== Data for this exercise ==
- Opening Delimiter -
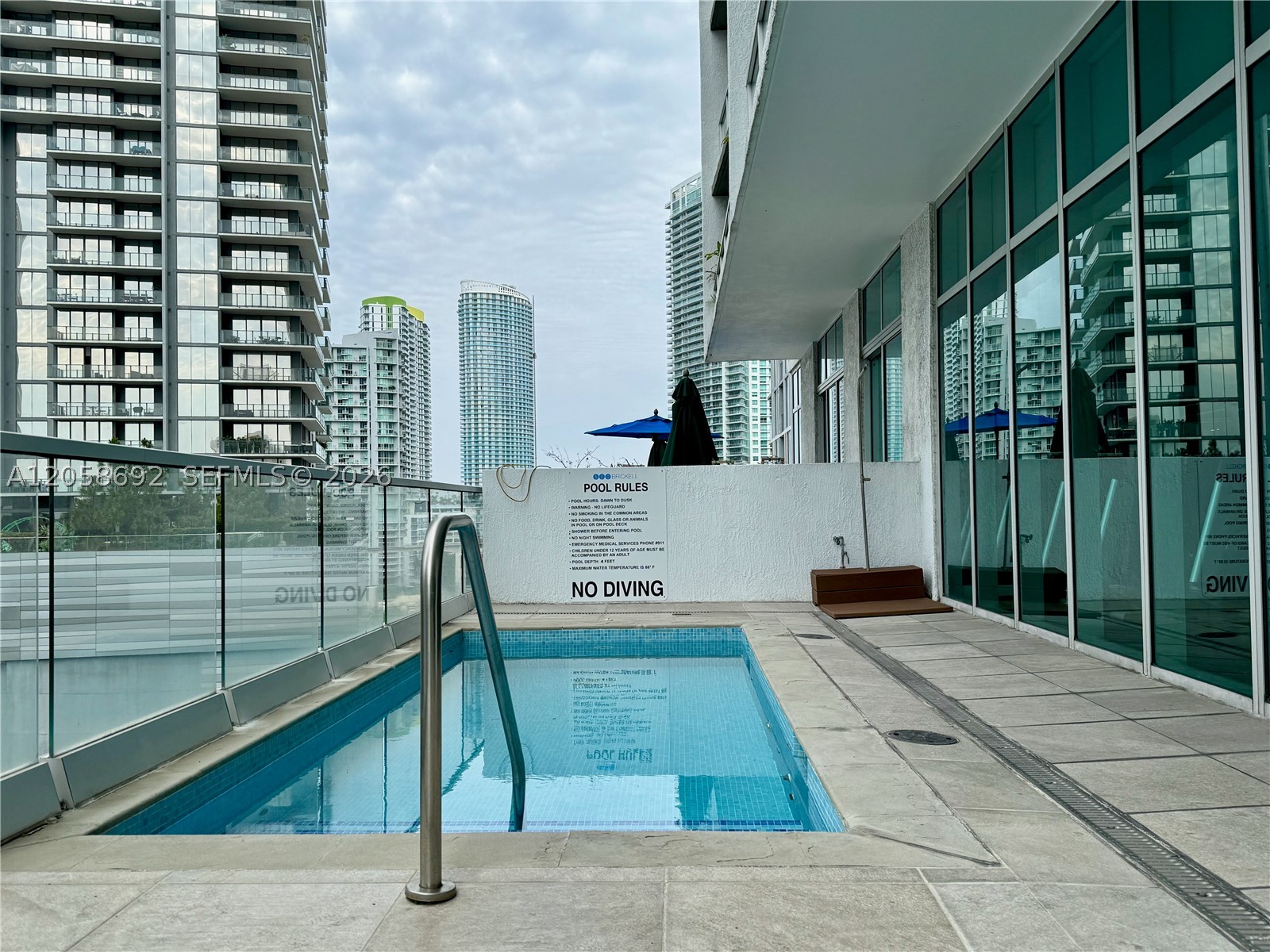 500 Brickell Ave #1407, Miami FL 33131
- Closing Delimiter -
- Opening Delimiter -
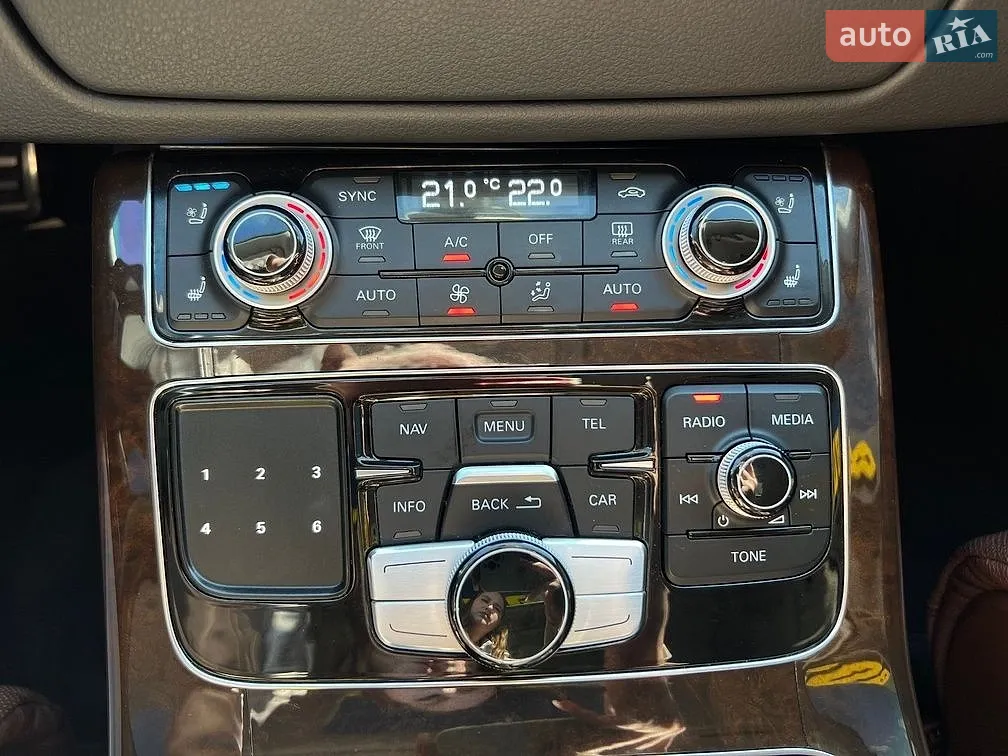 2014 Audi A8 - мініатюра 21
- Closing Delimiter -
- Opening Delimiter -
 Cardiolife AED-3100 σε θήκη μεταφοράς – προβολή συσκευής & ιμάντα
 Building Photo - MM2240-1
- Closing Delimiter -
Give back, word for word, only the lines above from the line holding "Cardiolife AED-3100 σε" to the line holding "Building Photo - MM2240-1", both included.

== Answer for this exercise ==
 Cardiolife AED-3100 σε θήκη μεταφοράς – προβολή συσκευής & ιμάντα
 Building Photo - MM2240-1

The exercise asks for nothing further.